Village in Zgharta District, Lebanon

Toula (تولا) is a small village in North Lebanon in Zgharta District (or Quadaa). It is 1,150 m above sea level and is primarily a recreational village. Descendants of the original full-time residents of Toula do not reside in Toula during the winter months. Heavy snow fall typically makes Toula's mountainous roads inaccessible. However, Toula's original families used to occupy the village on a year-round basis. Settling families and early residents developed a climatic tolerance and adapted to Toula's harsh winter months.

==Demographics==
Toula has an estimated approximate population of 1,000. The last national census was conducted in 1932.

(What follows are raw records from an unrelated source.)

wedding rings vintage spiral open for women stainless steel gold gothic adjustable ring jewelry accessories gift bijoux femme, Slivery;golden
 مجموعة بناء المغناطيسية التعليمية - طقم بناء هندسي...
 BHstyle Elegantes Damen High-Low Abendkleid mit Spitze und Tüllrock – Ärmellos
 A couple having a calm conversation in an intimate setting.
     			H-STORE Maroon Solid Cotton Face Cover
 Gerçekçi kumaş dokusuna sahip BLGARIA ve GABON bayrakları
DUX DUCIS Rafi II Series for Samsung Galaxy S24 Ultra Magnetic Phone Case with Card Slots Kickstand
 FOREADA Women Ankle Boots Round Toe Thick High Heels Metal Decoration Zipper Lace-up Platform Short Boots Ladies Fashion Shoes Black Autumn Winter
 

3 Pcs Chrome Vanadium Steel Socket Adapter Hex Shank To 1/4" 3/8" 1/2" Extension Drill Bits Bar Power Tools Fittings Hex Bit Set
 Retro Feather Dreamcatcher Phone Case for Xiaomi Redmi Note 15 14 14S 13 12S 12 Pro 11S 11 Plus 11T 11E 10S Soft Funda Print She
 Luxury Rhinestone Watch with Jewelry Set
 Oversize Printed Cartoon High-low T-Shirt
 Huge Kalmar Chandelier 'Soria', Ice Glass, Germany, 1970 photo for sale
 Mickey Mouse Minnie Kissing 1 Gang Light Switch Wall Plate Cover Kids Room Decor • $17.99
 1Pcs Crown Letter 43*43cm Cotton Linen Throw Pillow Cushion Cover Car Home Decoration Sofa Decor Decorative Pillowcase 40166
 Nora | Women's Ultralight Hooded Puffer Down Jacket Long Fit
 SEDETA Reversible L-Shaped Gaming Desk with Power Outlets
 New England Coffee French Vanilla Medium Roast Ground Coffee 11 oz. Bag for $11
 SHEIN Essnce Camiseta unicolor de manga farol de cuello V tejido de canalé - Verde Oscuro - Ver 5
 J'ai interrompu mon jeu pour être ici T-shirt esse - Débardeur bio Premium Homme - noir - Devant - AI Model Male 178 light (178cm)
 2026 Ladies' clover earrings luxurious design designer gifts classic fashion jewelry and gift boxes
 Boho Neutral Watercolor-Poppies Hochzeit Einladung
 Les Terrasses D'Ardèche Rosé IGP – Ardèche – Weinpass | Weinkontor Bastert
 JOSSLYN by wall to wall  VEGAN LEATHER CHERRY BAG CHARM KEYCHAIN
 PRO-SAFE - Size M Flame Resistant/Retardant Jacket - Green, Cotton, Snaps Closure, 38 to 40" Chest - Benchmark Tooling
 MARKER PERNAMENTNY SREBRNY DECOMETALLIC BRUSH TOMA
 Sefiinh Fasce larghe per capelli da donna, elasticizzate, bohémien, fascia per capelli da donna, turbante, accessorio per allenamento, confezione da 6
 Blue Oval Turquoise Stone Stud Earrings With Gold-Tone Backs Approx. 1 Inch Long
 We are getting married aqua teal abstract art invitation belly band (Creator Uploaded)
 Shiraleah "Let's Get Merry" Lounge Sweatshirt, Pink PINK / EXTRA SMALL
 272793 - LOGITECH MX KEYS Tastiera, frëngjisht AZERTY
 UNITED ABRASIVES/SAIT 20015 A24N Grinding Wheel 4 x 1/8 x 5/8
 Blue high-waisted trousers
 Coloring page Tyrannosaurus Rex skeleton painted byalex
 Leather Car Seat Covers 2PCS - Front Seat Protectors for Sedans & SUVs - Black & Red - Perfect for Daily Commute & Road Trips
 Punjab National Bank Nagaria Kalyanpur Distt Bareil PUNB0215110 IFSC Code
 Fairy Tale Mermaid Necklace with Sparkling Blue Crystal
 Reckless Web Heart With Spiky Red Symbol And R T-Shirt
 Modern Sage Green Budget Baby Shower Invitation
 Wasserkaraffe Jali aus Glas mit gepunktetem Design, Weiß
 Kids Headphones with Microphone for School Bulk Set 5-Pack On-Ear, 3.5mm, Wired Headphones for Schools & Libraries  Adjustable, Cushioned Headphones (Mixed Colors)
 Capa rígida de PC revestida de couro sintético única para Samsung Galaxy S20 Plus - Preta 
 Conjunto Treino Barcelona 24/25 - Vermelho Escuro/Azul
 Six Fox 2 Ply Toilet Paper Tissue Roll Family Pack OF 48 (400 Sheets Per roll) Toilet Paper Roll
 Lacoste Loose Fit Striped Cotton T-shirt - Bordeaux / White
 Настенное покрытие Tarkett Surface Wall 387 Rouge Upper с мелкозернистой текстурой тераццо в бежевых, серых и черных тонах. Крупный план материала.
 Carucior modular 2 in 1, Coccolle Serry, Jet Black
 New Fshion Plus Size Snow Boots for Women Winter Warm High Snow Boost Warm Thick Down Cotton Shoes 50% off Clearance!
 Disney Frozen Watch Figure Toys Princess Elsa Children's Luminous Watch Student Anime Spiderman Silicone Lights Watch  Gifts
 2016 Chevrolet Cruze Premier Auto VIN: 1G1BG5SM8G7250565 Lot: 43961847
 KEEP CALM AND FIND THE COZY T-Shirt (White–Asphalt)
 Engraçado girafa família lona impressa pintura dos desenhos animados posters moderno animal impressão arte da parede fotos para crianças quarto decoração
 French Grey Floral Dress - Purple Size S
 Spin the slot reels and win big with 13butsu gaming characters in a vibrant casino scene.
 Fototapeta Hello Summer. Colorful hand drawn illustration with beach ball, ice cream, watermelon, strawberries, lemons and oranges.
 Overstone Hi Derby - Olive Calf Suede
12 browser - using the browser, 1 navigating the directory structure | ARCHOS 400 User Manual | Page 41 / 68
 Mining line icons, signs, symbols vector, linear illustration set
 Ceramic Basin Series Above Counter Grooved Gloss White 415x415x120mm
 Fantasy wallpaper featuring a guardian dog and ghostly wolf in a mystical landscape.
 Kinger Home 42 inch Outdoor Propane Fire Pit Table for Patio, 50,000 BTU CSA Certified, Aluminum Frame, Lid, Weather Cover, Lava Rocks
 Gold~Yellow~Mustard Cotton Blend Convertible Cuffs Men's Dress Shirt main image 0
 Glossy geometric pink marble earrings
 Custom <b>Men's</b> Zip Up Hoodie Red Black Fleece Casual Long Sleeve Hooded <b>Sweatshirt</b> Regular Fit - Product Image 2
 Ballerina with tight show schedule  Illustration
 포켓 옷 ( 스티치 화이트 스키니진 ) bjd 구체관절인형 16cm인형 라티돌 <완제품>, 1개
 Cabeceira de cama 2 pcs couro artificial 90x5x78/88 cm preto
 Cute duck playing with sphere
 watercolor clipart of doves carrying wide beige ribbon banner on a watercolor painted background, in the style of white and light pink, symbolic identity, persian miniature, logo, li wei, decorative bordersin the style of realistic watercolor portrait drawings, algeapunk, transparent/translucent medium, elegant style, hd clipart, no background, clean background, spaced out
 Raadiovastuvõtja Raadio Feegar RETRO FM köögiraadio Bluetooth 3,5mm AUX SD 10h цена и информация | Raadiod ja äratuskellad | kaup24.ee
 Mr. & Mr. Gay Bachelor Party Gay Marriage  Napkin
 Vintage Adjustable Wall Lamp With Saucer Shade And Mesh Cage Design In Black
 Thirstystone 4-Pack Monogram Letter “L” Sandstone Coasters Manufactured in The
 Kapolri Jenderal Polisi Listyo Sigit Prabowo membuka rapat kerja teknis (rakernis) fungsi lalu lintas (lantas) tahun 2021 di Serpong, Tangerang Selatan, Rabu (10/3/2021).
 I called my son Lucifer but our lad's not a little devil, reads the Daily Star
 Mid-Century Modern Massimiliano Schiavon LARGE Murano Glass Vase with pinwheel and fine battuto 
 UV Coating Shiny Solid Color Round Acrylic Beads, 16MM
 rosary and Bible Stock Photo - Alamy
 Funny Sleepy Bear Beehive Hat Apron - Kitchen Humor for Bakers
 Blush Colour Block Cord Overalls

At the beginning of the 20th century, similar to other Lebanese towns and cities, these village residents emigrated to different locations around the world. Significant numbers have emigrated to the United States, Canada, Australia, Argentina and Brazil. A distinctive percentage of current village residents have achieved secondary education and professional school levels. [cite pending] Census reports indicated that a high proportion of these residents hold professional degrees in medicine, law, engineering and education. Additionally, numerous business entrepreneurs are village residents.

==Economy==
Toula's topography has earned the village a country-wide reputation for its productive fertile soil. Fertile soil and climatic conditions together, produce high quality agricultural products. Representative products are tomatoes, cucumbers, apples, pears, apricots, and grapes. Residents also produce an alcoholic beverage made from high grade varieties of grapes and anise. The alcoholic distilled beverage Arak is produced primarily for use by residents. The aniseed-flavored Arak is the national, cultural drink of Lebanon.

==Religion==
The village population consists almost exclusively of Lebanese Maronite Catholics, who staunchly preserve their Maronite heritage founded under St. Charbel of Lebanon.

The patron saint of Toula is known as Saint Assia (مار أسيا) . Toulanians build a church in its honor in the middle of the village.

The village is popular for its Saint Assia annual summer festival, held the last Sunday of September. The Saint Assia summer festival is celebrated with an outdoor party, where Arak, Lebanese cultural dancing, tolling the St. Assia Church bell and cultural cuisine, Hrissi, are a part of the festivities.